The future of wealth management
The famous American publisher Tim Oreilly recently wrote a bestselling book titled “WTF?: What’s the Future and Why It’s Up to Us “ He mentioned something quite profound, which he heard from the Chief Economist at Google. The economist told him that if you want to know what will become popular or ubiquitous in the future, look at what rich people enjoy today.
What he meant was that wealth gives the power to choose a range of options for welfare and wellbeing. The choices the rich people make today tend to be something the rest of the population aspires to and what they will acquire when optimized for broader markets.
This observation explains a lot of seeming irrationality in human behaviour and gives us a template to be able to make educated guesses about what will become the next big thing.
It was surprising to hear that people were in queues to watch movies during the American Great Depression. It was a luxury that seemed most could not afford, but they, nevertheless, indulged in it. The observation by the economist also explains the reason why smartphones have become ubiquitous, and it has a theoretical explanation.
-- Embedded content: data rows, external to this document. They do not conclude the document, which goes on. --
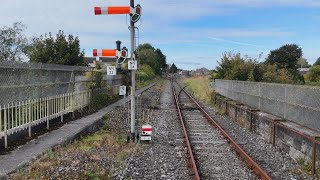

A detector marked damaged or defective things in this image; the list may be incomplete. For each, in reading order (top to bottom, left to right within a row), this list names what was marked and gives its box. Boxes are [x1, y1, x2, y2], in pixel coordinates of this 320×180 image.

rusty rail [171, 82, 199, 179]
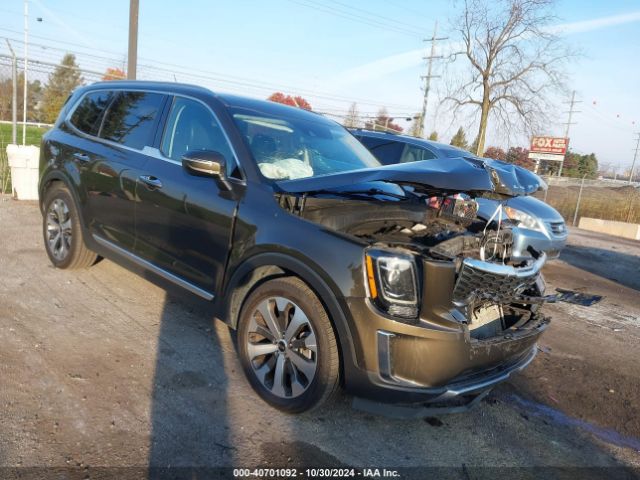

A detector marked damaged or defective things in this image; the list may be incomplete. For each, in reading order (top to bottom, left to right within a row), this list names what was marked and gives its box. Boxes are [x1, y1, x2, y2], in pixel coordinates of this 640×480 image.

damaged kia telluride [38, 81, 552, 412]
broken headlight [364, 249, 420, 320]
smashed grille [452, 260, 536, 306]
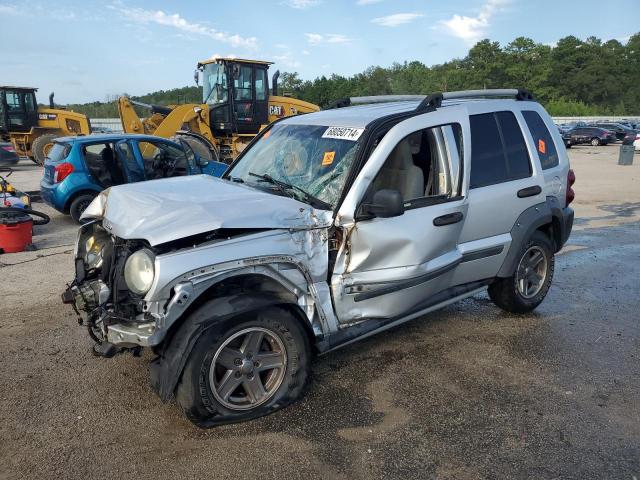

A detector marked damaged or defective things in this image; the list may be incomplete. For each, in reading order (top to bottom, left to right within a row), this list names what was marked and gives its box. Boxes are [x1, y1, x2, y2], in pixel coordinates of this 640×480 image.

cracked windshield [229, 123, 360, 209]
broken headlight [124, 249, 156, 294]
damaged silver suv [63, 88, 576, 426]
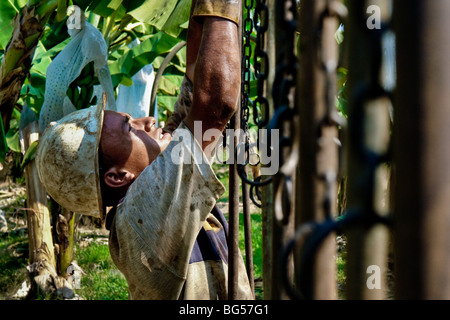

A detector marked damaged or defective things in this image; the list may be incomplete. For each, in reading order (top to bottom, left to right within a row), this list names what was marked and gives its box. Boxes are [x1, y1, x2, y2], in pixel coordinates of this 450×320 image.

rusty pole [394, 0, 450, 300]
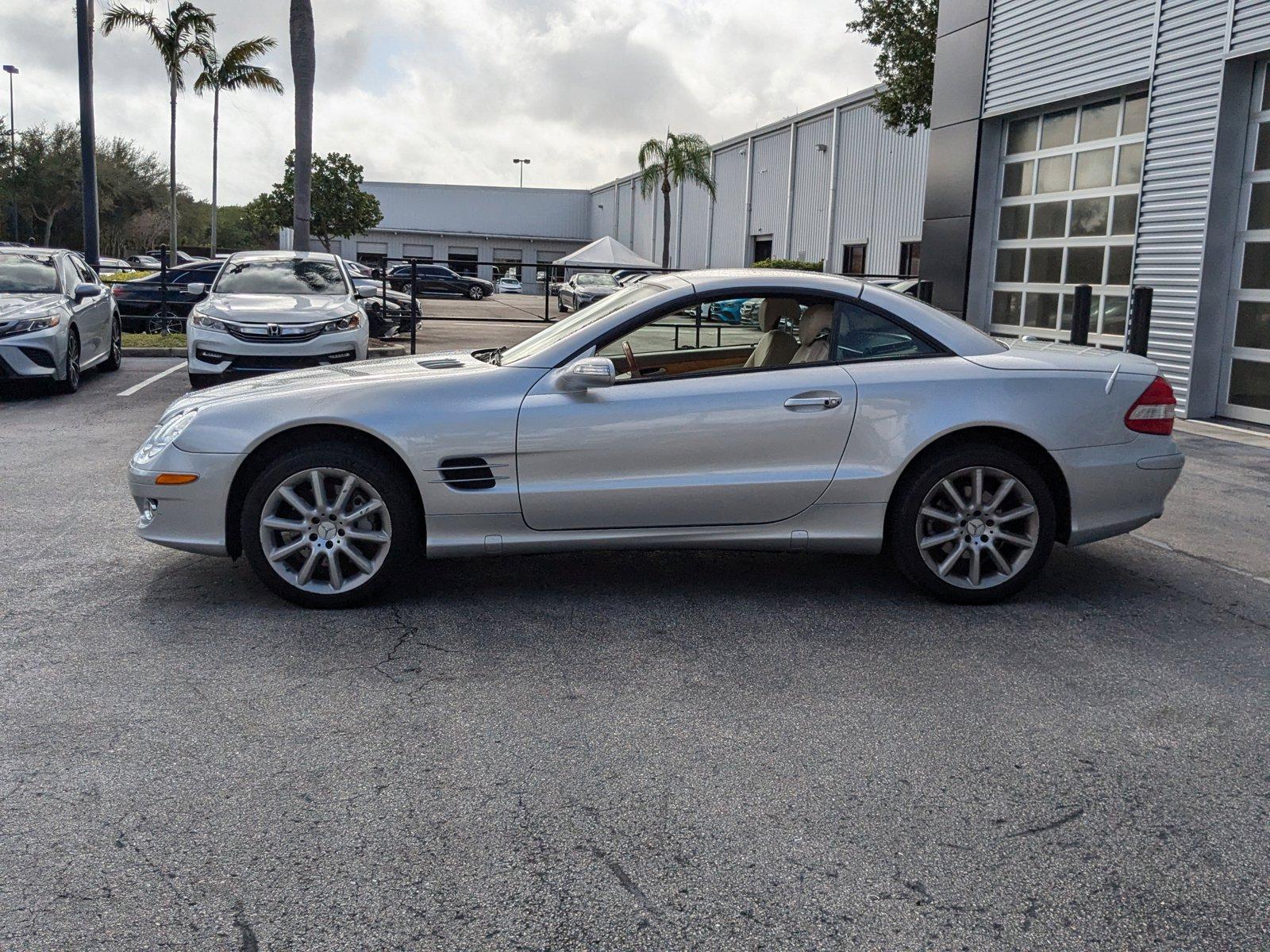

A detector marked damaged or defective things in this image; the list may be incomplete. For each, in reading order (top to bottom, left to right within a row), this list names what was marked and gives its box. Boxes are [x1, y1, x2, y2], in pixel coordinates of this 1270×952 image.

Mark Suster, the US venture capitalist, once wrote a compelling essay on his approach to Internet startup investments titled – “The Amazing Power of Deflationary Economics for Startups.”
In his article, Mark explained that while the Internet has reduced transaction costs for distribution of content and applications for everyone, the most successful startup entrants are – “Ones that offer amazing value (low relative margins) at high volumes that make it nearly impossible for high-cost incumbents to compete.”
He calls the phenomenon “Deflationary Economics.” The new entrants disruptively change the underlying economics of sectors and industries while using the advantages provided by the Internet.
Most disruptive startups start from fringe markets, and these are usually markets composed of poor people who are non-consumers of products provided by the incumbents.
The startups initially provide a lower quality version of these products at lower margins but rapidly make up for it with volumes. The quality improves over time as well, making existing customers of the incumbents see no reason to continue paying a premium.
Companies providing luxury or premium-priced products will inadvertently end up being targets of disruptive startups because of deflationary economics. Products and services available to the rich today will be those available to the poor or more substantial population tomorrow. That is the entire purpose of “market-creating innovation.”
Wealth and deflation
Wealth itself as a concept is also subject to deflationary economics as nobody loves being poor. Aspiration is the one almost universal thing, and technology helps to reduce poverty and increase wealth in many ways.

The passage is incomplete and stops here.